It's just one state and it may not reflect what is happening across the rest of U.S. agriculture, but it's still good news in an industry that can certainly use some: Farmland values in Indiana are shooting up.
In fact, the price of average quality ground in the nation's 13th largest farm state nearly doubled between 2000 and 2010, according to Purdue University agricultural economists. Rising commodity values that make crops more valuable are the short explanation why; corn and soybeans are the key details.
The economists point out that in 2000 the average price of an acre of average-quality Indiana farmground – land that can produce 155 bushels of corn per acre – was around $2,300. By June 2010, it was $4,419, and they point out that prices continued to rise the rest of the year.
Demand and prices for corn alone soared tremendously during the last decade due to a huge increase in production of ethanol as a fuel substitute, especially the last five years.
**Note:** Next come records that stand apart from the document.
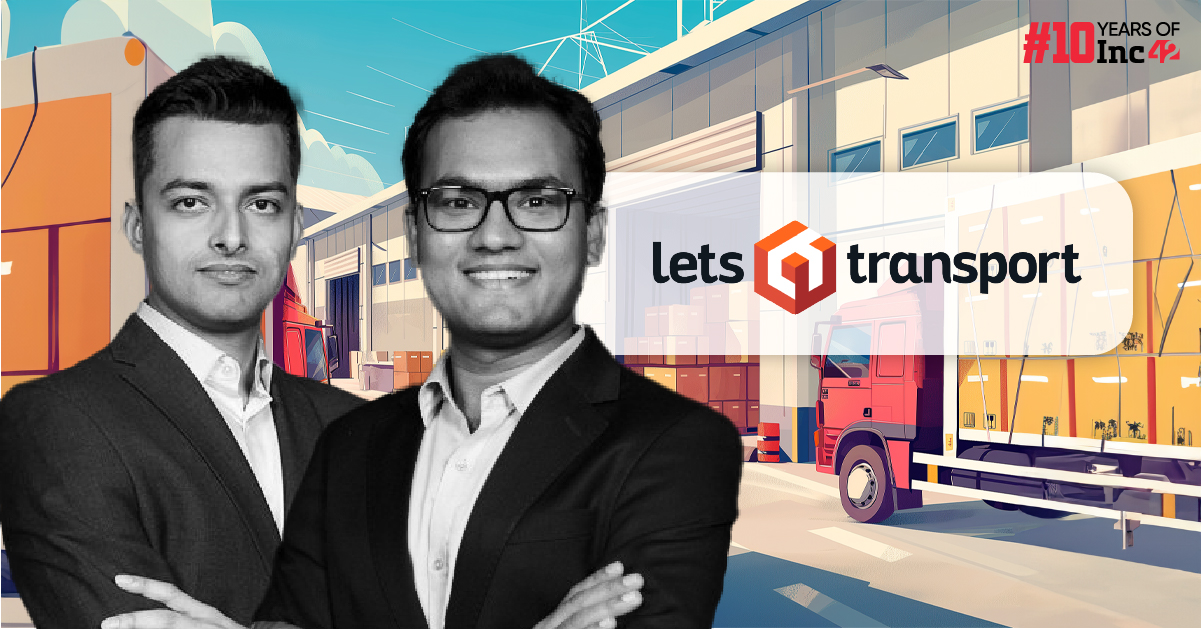 Trucking Aggregator LetsTransport To Raise Rs. 112 Cr ($13.5 Mn) From Bertelsmann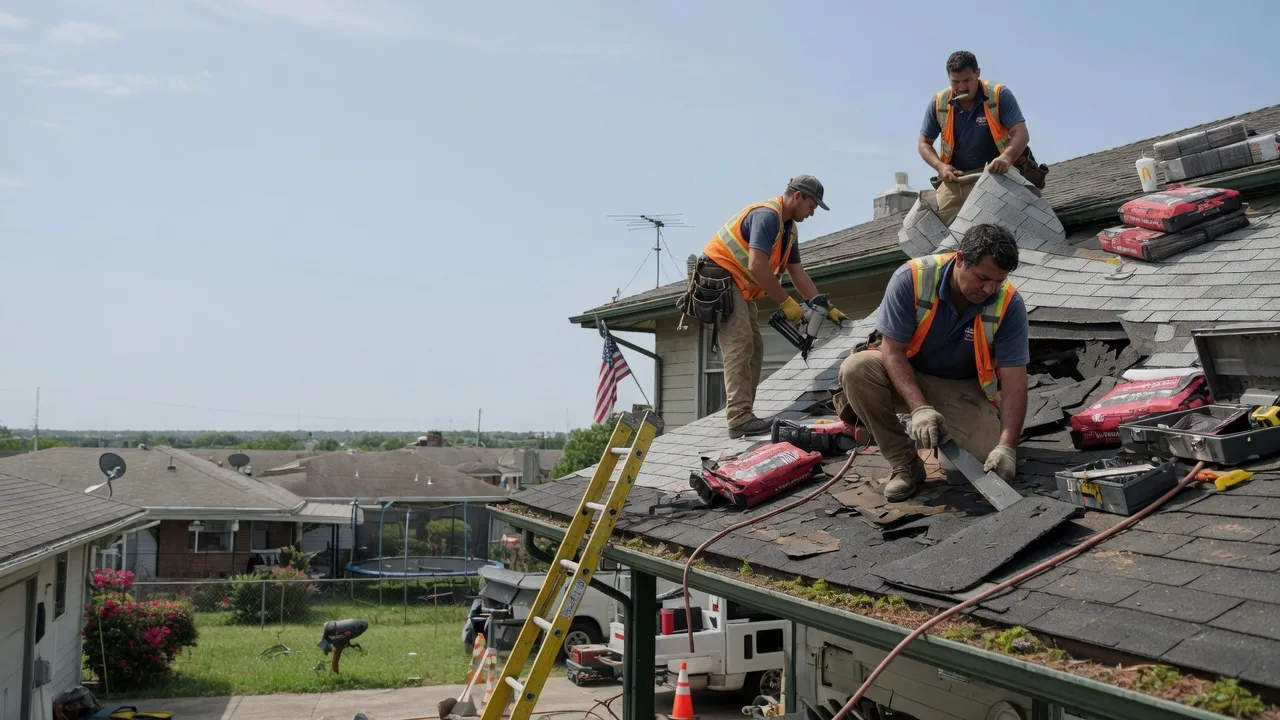 Roof Repair in New Riegel, OH near me
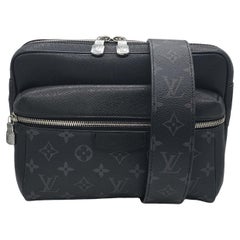 Louis Vuitton Monogram Taigarama Outdoor PM Messenger Bag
According to USDA, the average corn price from 2000 to 2005 was $2.10 per bushel; from 2006 to 2010 it was projected to be $4.43. Yesterday (January 13), corn at the Chicago Board of Trade closed at $6.42.
There is also another huge demand driver in the marketplace that is affecting farmland values: China. The economists point out that corn for ethanol plus soybean exports to China required 16 million acres of farmland production in 2005. Last year they estimate it took 41 million acres.
Since demand for both crops is not expected to decline anytime soon, farmland appears likely to continue being a fertile investment ground.